DES MOINES, Iowa--On March 7, more than 2,000 people from across Iowa mobilized at the Iowa state Capitol to rally in support of workers' rights and protest austerity measures proposed by Iowa Gov. Terry Branstad.

The mass workers' justice rally on March 7, organized by the Iowa Federation of Labor, was not the first this year in Iowa.

On February 26, more than 500 people attended a MoveOn.org rally at the statehouse, and on February 22, more than 1,000 public- and private-sector workers representing the Iowa Federation of Labor, various AFL-CIO locals, United Electrical Workers, United Auto Workers, AFSCME, United Food and Commercial Workers, and other labor unions from across Iowa rallied at the capitol in Des Moines.

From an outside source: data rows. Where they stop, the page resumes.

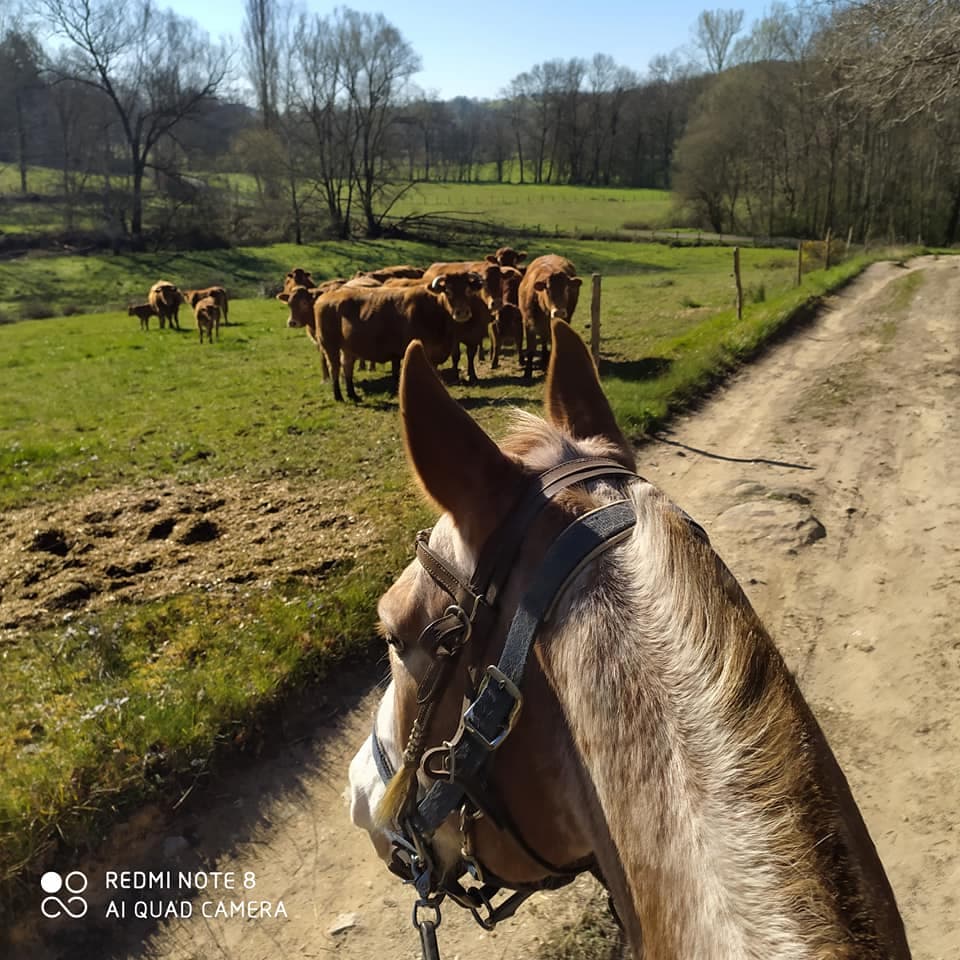 Balade dans les chemins_3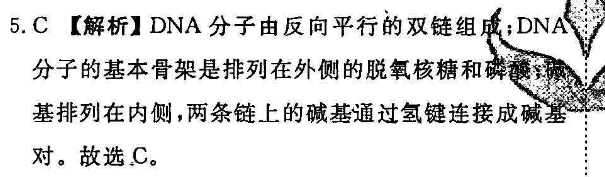 2022英语周报 0 八年级 外研 11答案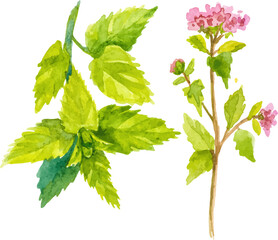 Watercolor painted oregano and mint. Hand drawn fresh food design element isolated on white background.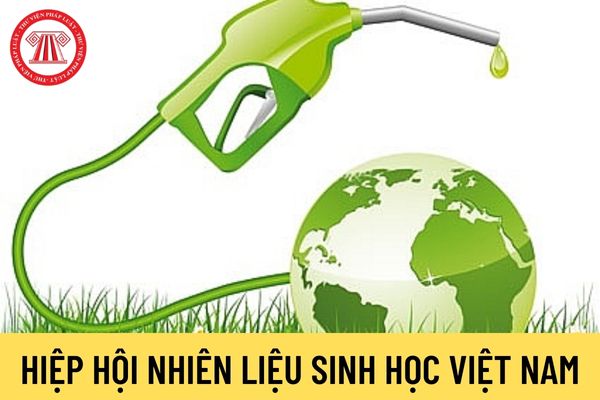 Hiệp hội Nhiên liệu sinh học Việt Nam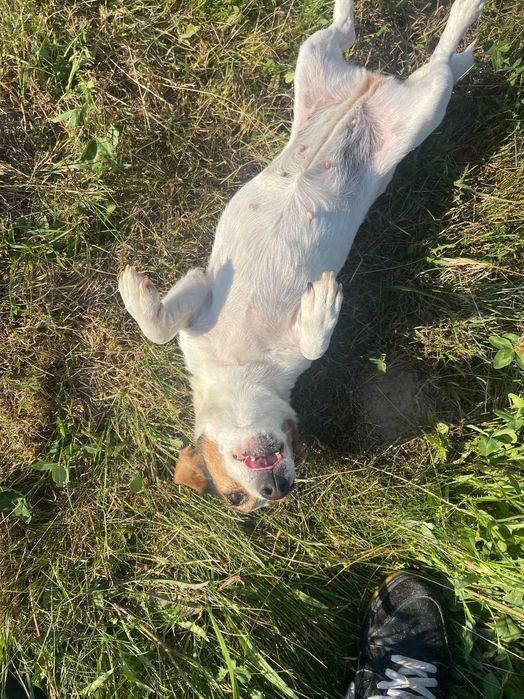 Jack Russell Terrier ZKwP FCI suczka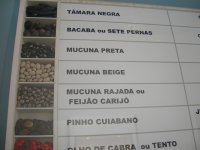 catalog/samples of the seeds used in jewelry-making (2)
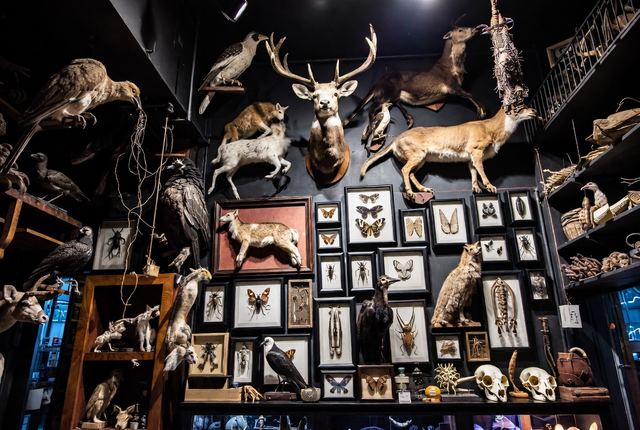 The Evolution Store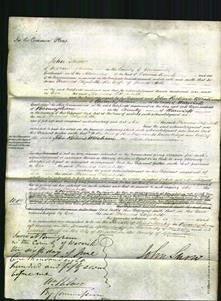 Court of Common Pleas - Frances Elizabeth Ash-Original Ancestry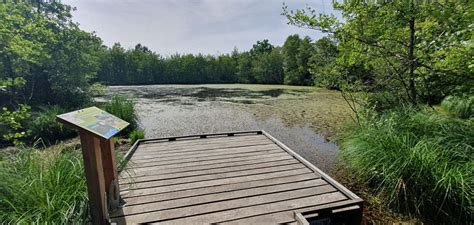 Etang à Cras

"This is not an assault on public workers," Ken Sagar, president of the Iowa Federation of Labor, told the Associated Press. "This is an assault on the middle class. We don't just make widgets, we don't just provide services, we enable people to have a decent life."

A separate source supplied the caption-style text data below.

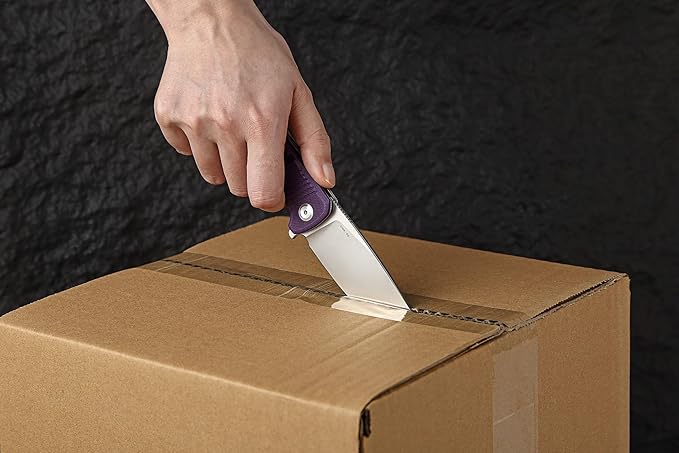 Firebird Ganzo G769-PL EDC Folding Pocket Knife Razor Sharp D2 Stainless Steel Blade G10 Handle with Clip Outdoor Pocket Knife Hunting Fishing Hiking Folder Best Gift for Men (Purple)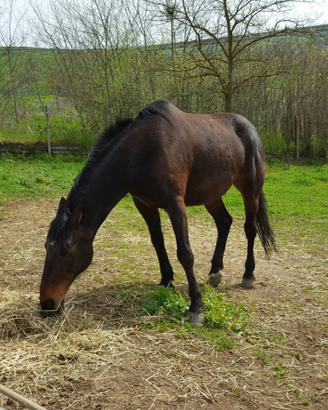 Cavallo maremmano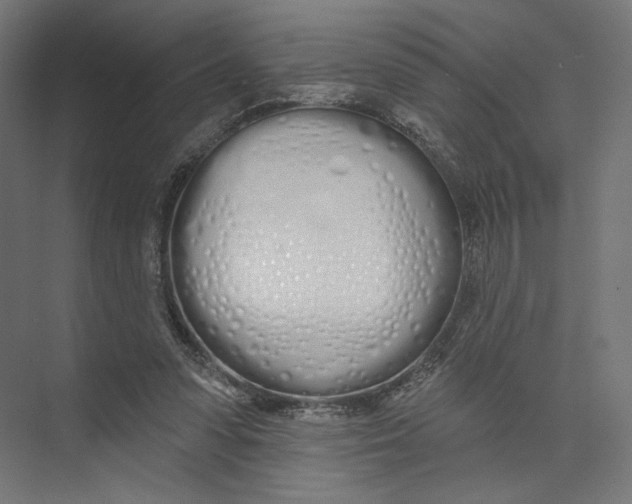 X0000073850303200609071614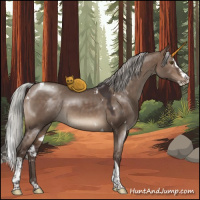 Horse Color:White Spotted Silver Brown Dun Splash Tobiano Rabicano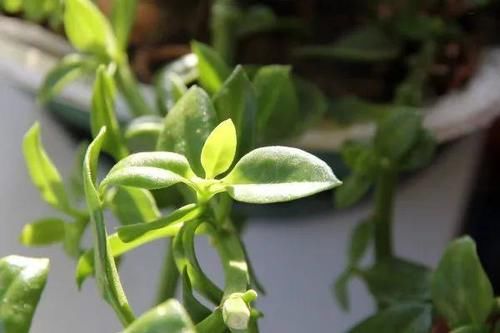 抗菌消炎——穿心莲内酯滴丸的故事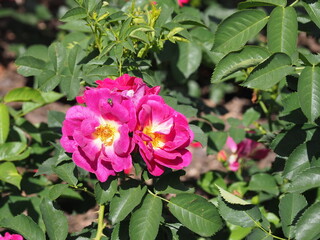 Rosengarten in Zweibrücken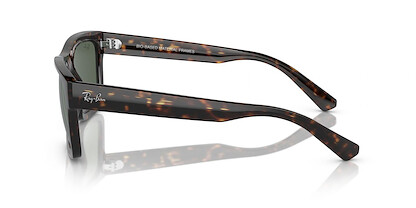 Ray-Ban Men's RB4396 Warren Rectangular Sunglasses, Havana/Dark Green, 57 mm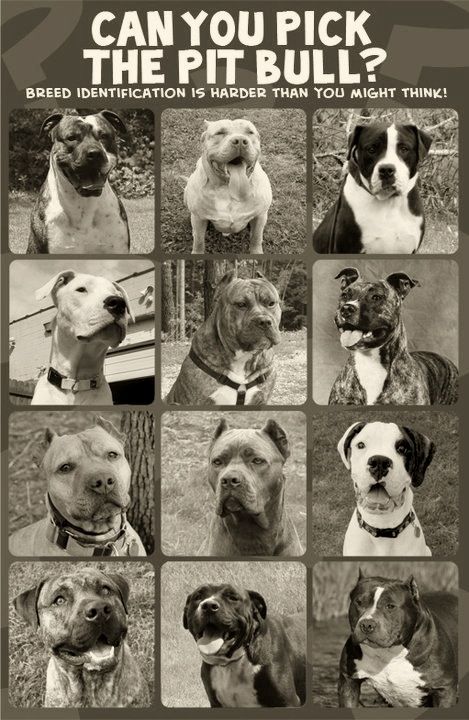 Can you pick the Pit Bull? 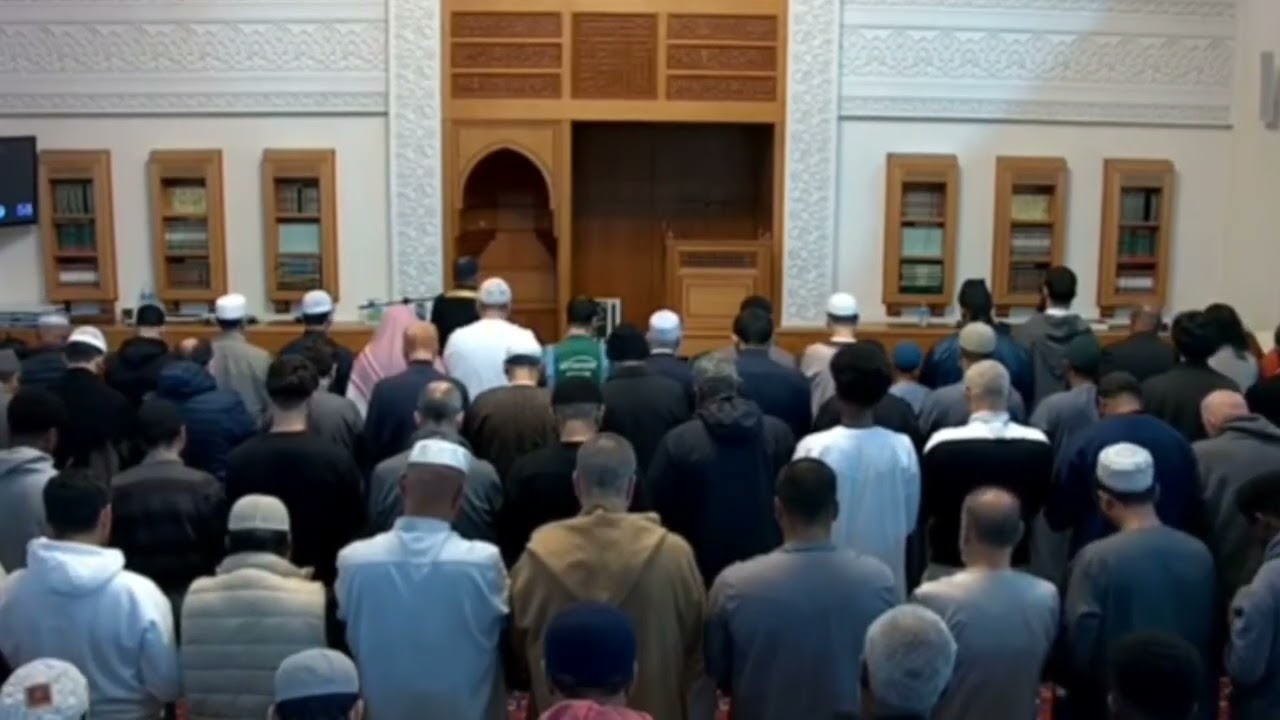 لم تسمع اللاهوني بهذا الأداء من قبل! 🌫️ عبق 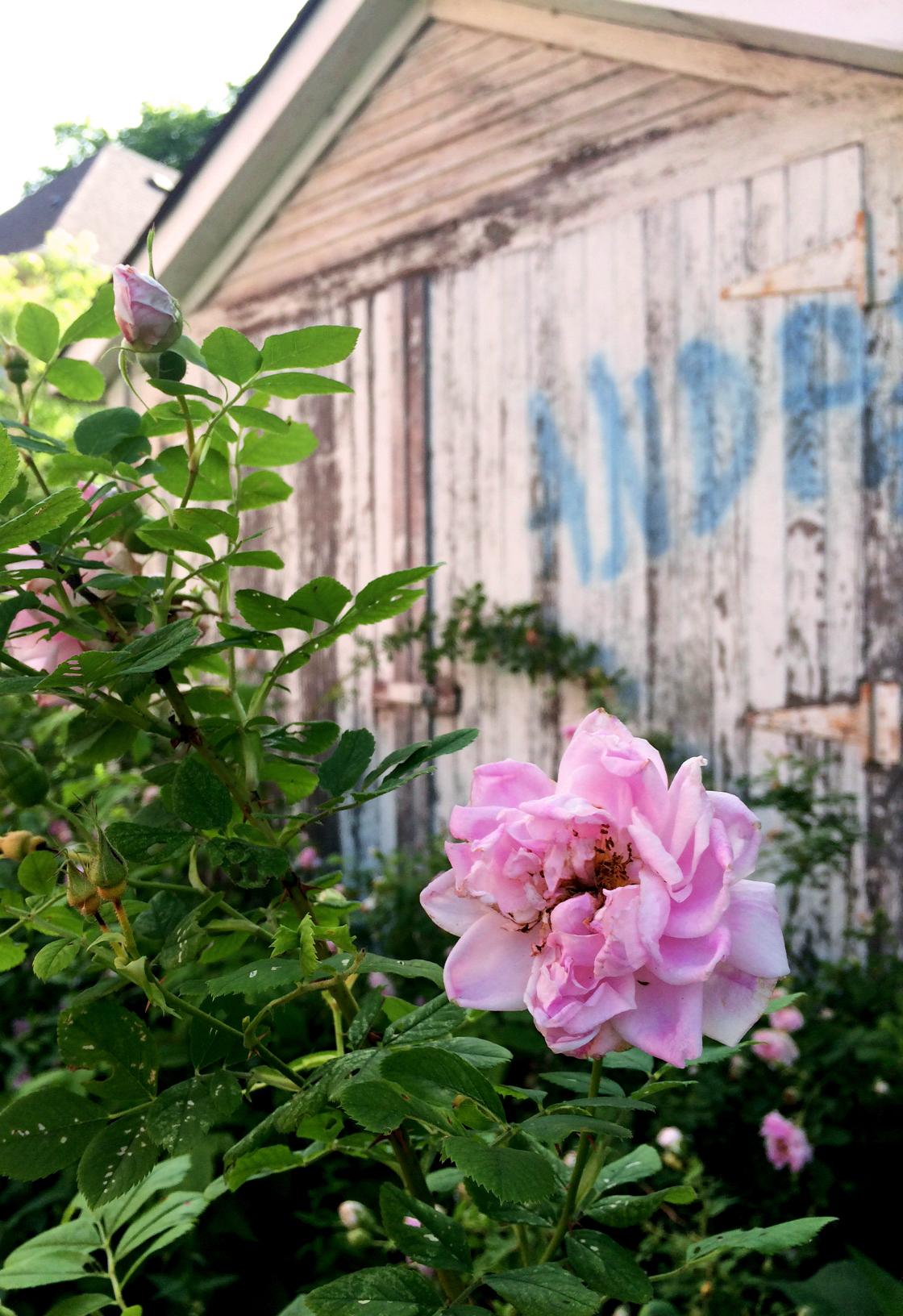 My Urban Wanderings - image 2 - student project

The three labor union solidarity rallies followed a January 25 protest of budget cuts at the Iowa state Capitol organized by the community power organization Iowa Citizens for Community Improvement (Iowa CCI) that was attended by more than 300 family farmers, retirees, clergy, immigrants and other everyday people.

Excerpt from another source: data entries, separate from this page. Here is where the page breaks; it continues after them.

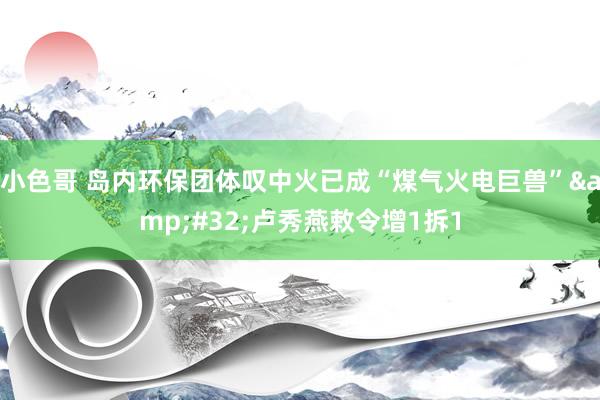 小色哥 岛内环保团体叹中火已成“煤气火电巨兽”&#32;卢秀燕敕令增1拆1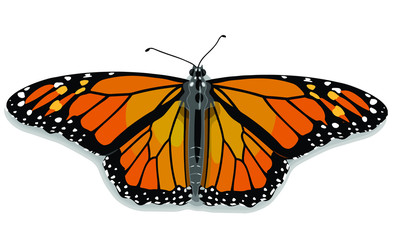 butterfly isolated on white background.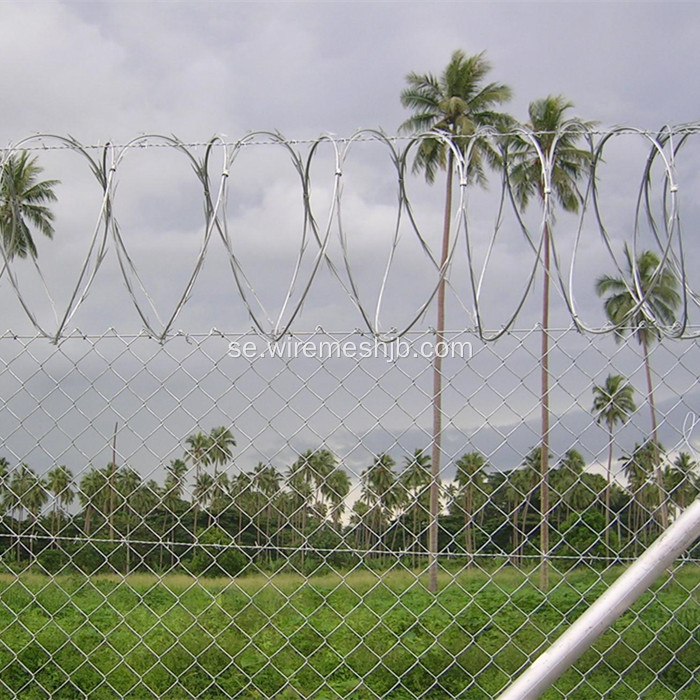 Hot Dipped Galvaniserad Concertina Razor Wire BTO-22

Iowa CCI members have argued for common-sense alternatives to Branstad's corporate agenda of balancing the budget on the backs of hard-working Iowa families. These solutions include combined corporate reporting to close tax loopholes and force out-of-state corporations to pay their fair share of taxes.

"The assault on public employee unions is part of a deliberate right-wing strategy to shift the blame for the recession away from the big banks that crashed the economy and the multinational corporations that don't pay their fair share of taxes," said Garry Klicker, an Iowa CCI member, small business owner and independent livestock farmer from Bloomfield.

"They caused this crisis, they should have to pay for it." Klicker's comments were made in a labor solidarity press statement released by Iowa CCI members on February 22.


IN NOVEMBER, Iowans sent incumbent Democratic Iowa Gov. Chet Culver home, and elected former four-term Republican Iowa Gov. Terry Branstad back into office for another term following after a 10-year hiatus.

Branstad's campaign was financed by the largest corporate agribusiness and big-moneyed special-interest groups in the state of Iowa, and he moved quickly once inaugurated to end project labor agreements and voting rights for felons. He has also proposed an ambitious "austerity" agenda to deregulate factory farms, cut corporate taxes, privatize economic development, repeal collective bargaining and slash vital public services.

Iowa's unemployment rate is slightly below the national average, and the state's budget difficulties are more manageable than in some other states, in part because of Iowa's strong agribusiness economy and record-high prices for grain and livestock (themselves caused by big bank speculation on commodities).

But while Iowa's agribusiness economy has been great for those at the top, tens of thousands of independent family farmers have been pushed off the land since 1995--during Branstad's last term in office, when he rolled out the welcome mat to the factory farm industry in the state.

Although Iowa currently has a Republican in the governor's mansion and a Republican-controlled House, Democrats hold a slim majority in the Iowa Senate, and Senate Majority Leader Mike Gronstal--hardly a progressive populist champion by any measure--has vowed to block attempts to repeal collective bargaining or the state's marriage equality law.

Whether that's true, and whether or not the slim Democratic majority in the Iowa Senate will block the rest of Branstad's corporate agenda, will hinge on the ability of everyday Iowans, and the labor unions and community organizations under their direct democratic control, to continue pushing for grassroots, progressive social change from below.